Most people would agree that gossip is a bad thing. Spreading exaggerated or scandalous information about another person is, for the most part, frowned up. Many churches even spend more time focused on the “sin of gossip” than on other, more easily defined problems. However, the problem of gossip in the church is not so clear-cut as to provide an easy definition of what to avoid.
Too often, sharing any negative information about another person, even if that information needs to be shared, is labeled as sinful gossip by overly zealous Christians. However, this attitude is completely wrong. Not only would this mean that Paul gossiped in his letters to distant churches, but it would also mean that warning others against a potentially dangerous person is sinful.
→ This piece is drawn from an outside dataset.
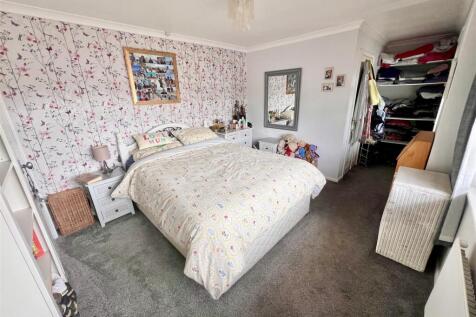 Bedroom 1.jpeg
Let’s take a closer look at what gossip actually is and how the Bible addresses it.
What is Gossip?
A few overzealous Christians will define gossip as the action of saying negative things behind someone’s back that you would never say to their face. While this is close, it doesn’t qualify much about those negative things being said. Are they true? Why is the information being shared in the first place?
In most teachings about gossip, the action is very often conflated with slander. However, the Bible defines gossip and slander as two different things. For instance, many Christians will quote 2 Corinthians 12:20 as evidence that gossip is considered a terrible sin on par with wrath. But when you look closer at the verse, the argument begins to fall apart. For starters, gossip and slander are listed as two separate activities, which is an odd choice if they refer to the same action. Additionally, while the Greek words translated as “gossip” and “slander” can refer to similar activities, their meanings are still distinct enough to not be rightfully considered the same thing.
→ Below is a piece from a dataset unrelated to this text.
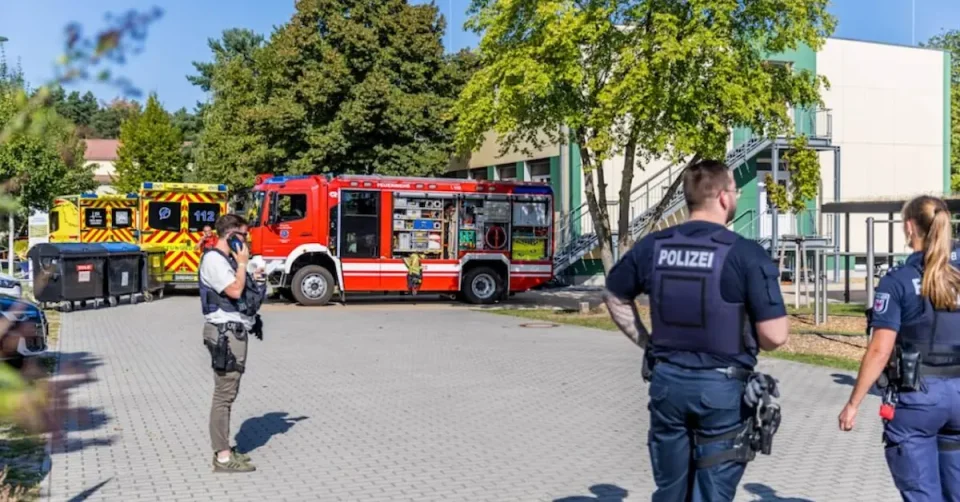 НАПАД СО НОЖ ВО УЧИЛИШТЕ КАЈ БЕРЛИН: Убиени ученичка и маж кој сакал да и помогне, осомничениот е уапсен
Finally, in a modern context, slander has a much different meaning than gossip. Legally, slander refers to defaming and untrue information told about another person with the express intent of causing harm to their reputation. In other words, slander is defined as a malicious lie, while gossip is not. Thus, gossip can only be fairly defined as spreading information that you believe to be true or at least partially true, though not necessarily out of malicious intent. These are two very different behaviors.
When Negative Information is Not Gossip
What is the go-to conflict resolution method for most Christians? Matthew 18, of course. Laying aside the fact that this passage is often misapplied, it’s also important to remember that it’s impossible to conduct any sort of conflict resolution, much less correct application of Matthew 18, without sharing information about the problem with someone else. By its very nature, correct conflict resolution involves bringing information to light so everyone involved can make an informed decision.
Additionally, people may be sharing negative information about someone else for the benefit and protection of others. For instance, if someone lists an escaped criminal’s actions and provides a detailed description of their appearance, they aren’t gossiping, they’re trying to protect other people from being victimized. Likewise, an individual church member who is bringing uncomfortable information about someone else to light may just be trying to protect others.
It All Comes Down to Motive
Ultimately, the only way to truly define gossip is to look at one’s motivation. Since it’s difficult to accurately judge another’s genuine motive, it’s important to analyze our own motives before sharing any information. Why do you want to share this information? Do you believe it to be true? Are you trying to make others aware or destroy someone’s reputation unfairly?
Pro Tip: Be careful about accusing someone else of spreading gossip. You might not have all the information–what they’re saying could very well be true.
Gossip in the Church
In a misguided attempt to demonstrate love and forgiveness, or perhaps from a desire to live peacefully with others, too many Christians refuse to allow any sort of negative talk about other people. Even if the information turns out to be true, the speaker is labeled a “gossiper” and ignored. While genuine gossip is truly harmful and to be avoided, we must simultaneously be careful to not label any uncomfortable or inconvenient information as gossip. We should use our discernment to investigate and find the truth before passing judgment.